Provided the amplitude is sufficiently great, the human ear can respond to longitudinal waves over a range of frequencies from about 20.0 Hz to about 20.0 kHz. (a) If you were to mark the beginning of each complete wave pattern with a red dot for the long-wavelength sound and a blue dot for the short- wavelength sound, how far apart would the red dots be, and how far apart would the blue dots be? (b) In reality would adjacent dots in each set be far enough apart for you to easily measure their separation with a meter stick? (c) Suppose you repeated part (a) in water, where sound travels at 1480 m/s. How far apart would the dots be in each set? Could you readily measure their separation with a meter stick?

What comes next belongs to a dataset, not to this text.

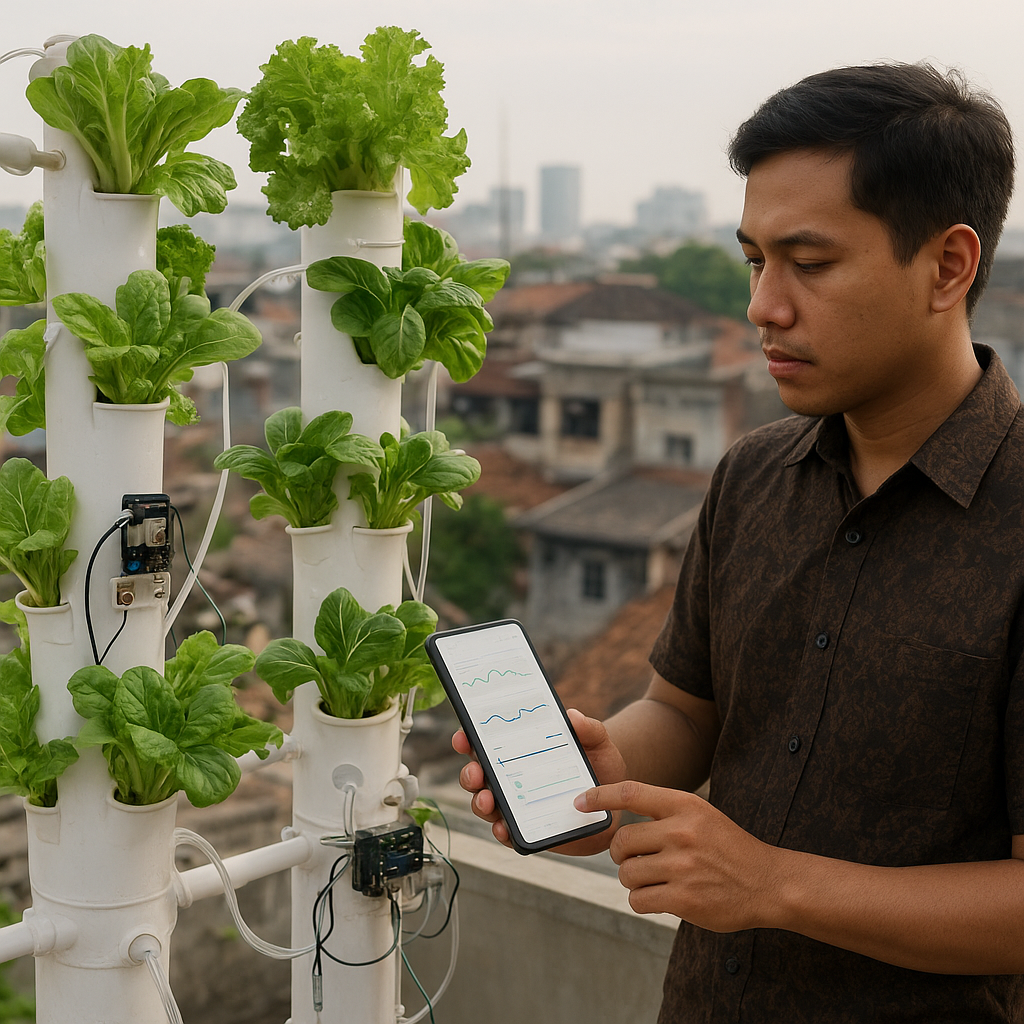 Pengembangan Sistem Hidroponik Vertikal Skala Rumah Tangga dengan IoT untuk Daerah Urban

On December 26, 2004, a great earthquake occurred off the coast of Sumatra and triggered immense waves (tsunami) that killed some 200,000 people. Satellites observing these waves from space measured 800 km from one wave crest to the next and a period between waves of 1.0 hour. What was the speed of these waves in m/s and in km/h? Does your answer help you understand why the waves caused such devastation?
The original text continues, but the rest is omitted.